Constatant que seul le sort personnel de Napoléon était négociable, Caulaincourt « introduisit adroitement la question » rapporte Macdonald dans ses Souvenirs14. On reparla du futur lieu de retraite de l’empereur, le tsar préférant toujours un « établissement lointain » et Caulaincourt, un établissement « plus rapproché et surtout un bon climat ». La question de la sécurité fut aussi abordée : le grand écuyer souligna qu’il fallait « un point fortifié qui le mît au besoin à l’abri d’une attaque ou d’un assassinat »15. Il proposa la Corse, la Sardaigne et Corfou mais Alexandre refusa, jugeant ces territoires bien trop grands. Répondant à toutes les exigences, le choix de l’île d’Elbe s’imposa à nouveau et fut retenu par les deux parties. Restait à faire accepter cette solution par Napoléon. Caulaincourt et Macdonald arrivèrent au château de Fontainebleau le 6 avril à 1 heure du matin. Cette nuit-là, l’empereur dormait si profondément que le duc de Vicence fut obligé de le secouer « assez rudement » pour le réveiller. Les deux hommes lui donnèrent le résultat des négociations : en échange de son abdication sans conditions, on ne lui offrait qu’un lieu de retraite convenable. Le grand écuyer lui expliqua alors pourquoi il n’était pas possible de lui accorder la souveraineté de la Corse, de Corfou ou de la Sardaigne. Napoléon hésita un moment puis accepta : « Eh bien ! Je choisis l’île d’Elbe. Connaissez-vous cette île, messieurs ? Y a-t-il un palais, un château, une habitation convenable, passable ? »16. Le lendemain, il abdiqua en lançant cette phrase célèbre à ses maréchaux : « Vous voulez du repos, ayez en donc ! ».
En vue de la conclusion d’un accord, Napoléon rédigea des instructions précises et détaillées à ses négociateurs17. Désormais, il savait ce qu’il voulait et entendait bien se faire respecter.
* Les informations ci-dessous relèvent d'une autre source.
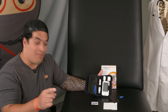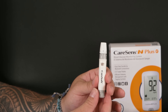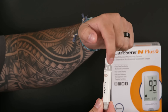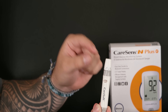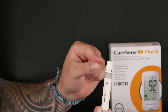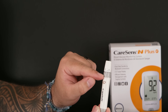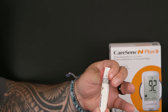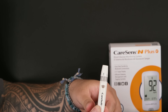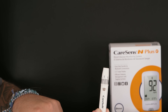Let's take a look at the lancet device. You'll see numbers across the top — zero, one, two, three, all the way up to five. This determines how deep the needle will plunge into the skin. For thin-skinned individuals, a lower number like one would be appropriate. For someone like me with thicker skin, a higher number like five would be needed. The indicator on the device shows you which depth setting you're on.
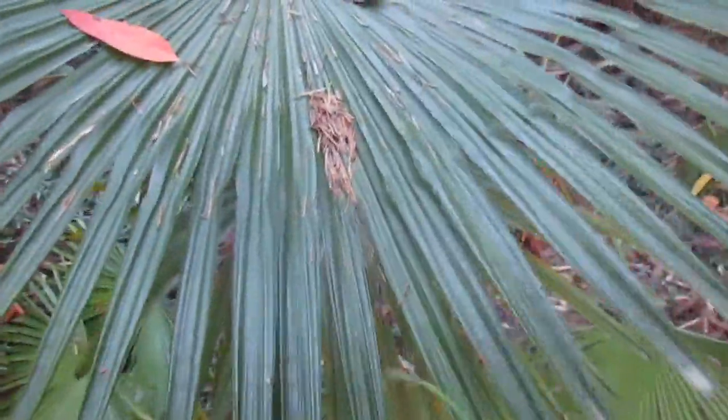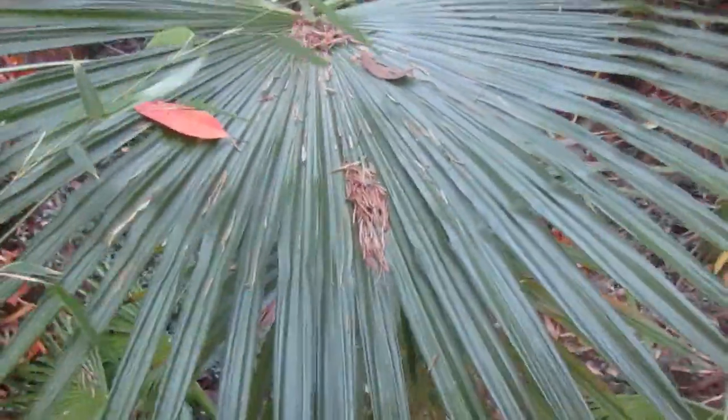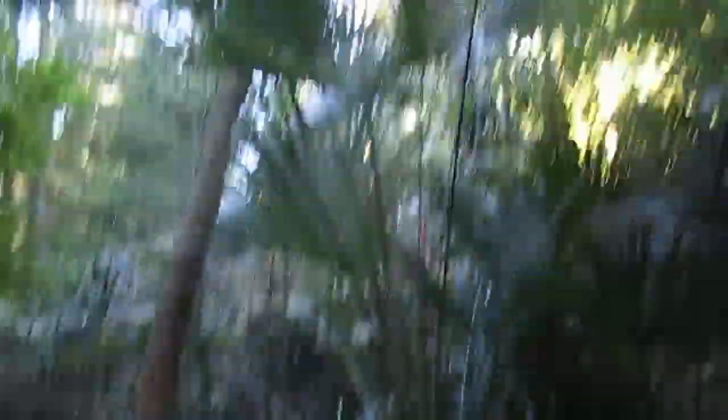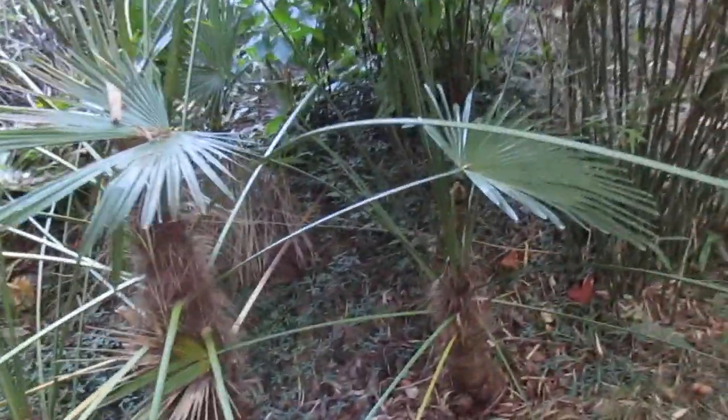See how close those fingers are on the fans — more of a fan than the fortunae. So that is your hybrid palm growing here on the north end of Salt Spring Island. We have three of them in here and one in the upper garden as well.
Il n’était plus question pour lui et les siens d’être traité comme de « simples particuliers ». Il acceptait l’île d’Elbe comme lieu de résidence mais à condition qu’il reçoive 2 millions de francs de revenu annuel. Pour son épouse, il souhaitait la Toscane ou des terres produisant un revenu net de 3 millions. Pour chacun de ses frères et sœurs, il demandait une rente annuelle de 500 000 francs. Les membres de la famille impériale devaient selon lui conserver leurs rangs. Autre point important, l’impératrice devait le rejoindre. Elle pourrait au préalable effectuer un court séjour à Savone ou à Gênes, mais elle ne devait pas se rendre à Vienne. Il craignait, et l’avenir allait lui donner raison, qu’une « main étrangère abusant de la force » impose à son épouse « ce que tout homme moral doit improuver », c’est à dire l’éloigner de lui. La remise de l’abdication sans condition, qu’il signa et remit à Caulaincourt, ne devait intervenir qu’une fois le traité ratifié. Très confiant dans la suite des négociations, il ordonna le jour même aux généraux de la Garde Petit et Pelet de former l’escorte qui devait le suivre en exil. Ces dispositions étaient toutefois prématurées et le traité était loin d’être finalisé, comme allait le démontrer la suite des évènements.
En remettant ses instructions, Napoléon apparut très solennel : « C’est à vous, Caulaincourt, que je confie mon acte d’abdication, à vous personnellement, puisque je confie par là, non seulement mes intérêts personnels, mais ceux de toute ma famille et de tout ce qui m’est cher » dit-il d’un ton grave18. Peu après, le duc de Vicence se mit en route pour Paris, accompagné par Macdonald et Ney, chargés pour leur part de négocier les conditions d’armistice.
Napoléon signe son abdication à Fontainebleau le 4 avril 1814. Tableau de François Bouchot (1843).

Alexandre les reçut une première fois à minuit le 6 avril, se montrant plutôt satisfait de la bonne volonté de Napoléon et promit de « faire tout ce qui serait en son pouvoir » pour que les choses se passent au mieux19. Il réaffirma que même si l’île d’Elbe était déjà « sujet à beaucoup de critiques fondées », il tiendrait l’ « espèce d’engagement » qu’il avait pris20. Les choses concrètes furent remises au lendemain.
Première abdication conservée aux Archives nationales

Dans l’après-midi du 7, Alexandre prit connaissance sans mot dire de ce que souhaitait Napoléon. Il ne voulait donner sa réponse définitive qu’après avoir consulté ses alliés. Le soir, un faux bruit (appuyé tout de même par 3 rapports officiels) annonçant le départ de Napoléon pour la Bourgogne faillit tout remettre en cause. Malgré les démentis des envoyés de Napoléon, il fallut envoyer un officier russe à Fontainebleau pour lever les doutes d’Alexandre.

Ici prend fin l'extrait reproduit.